Forewarning: after the jump, I will be diving into almost every significant start-to-finish plot point in this film.
One way you know a movie is very special is if you can’t stop thinking about it weeks after you’ve seen it. And no 2021 release gave me that feeling as much as Paul Thomas Anderson’s Licorice Pizza.

I went in inclined to like it. Anderson is one of a select few directors whose name on a project guarantees it’s a must-see for me. (Others on this list are Greta Gerwig, Steven Spielberg most of the time, and Quentin Tarantino.)
But during my watch, I kept going “WHAT?” time after time, not the incredulous “whats” I get when watching a nonsensical mess like The Rise of Skywalker but the “whats” of overwhelmed surprise as character beats and details kept emerging out of Anderson’s richly atmospheric recreation of the San Fernando Valley in 1973. Despite its brightness and humor, it’s not the easiest movie to get into. There isn’t a plot as much as there is a series of frequently outrageous situations which our characters get into and out of, pausing only for a brief rest, if that, before the next one. And the dialogue is less a means to advance the action and more a succession of screwball banter between the two leads, posturing, obscenity, and incredulous reaction.

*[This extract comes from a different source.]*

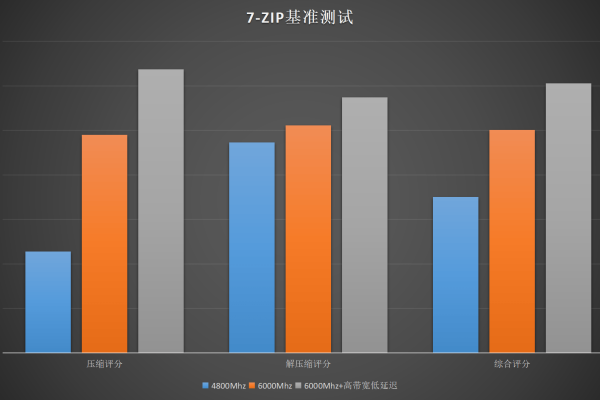 如何有效测试VPS的延迟性能？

When I walked out of the Music Box, I had no idea what the hell I’d seen but I also knew that whatever it was, I’d strongly, deeply connected with it.
I kept dwelling on the movie and playing its key moments back, over and over, and then, from his review in Bright Wall/Dark Room, Ethan Warren wrote this sentence that made me stop in my tracks.
“Anderson has for the first time managed to produce a film distinguished not merely by his characteristic fascination with the world but by a deep love for it.”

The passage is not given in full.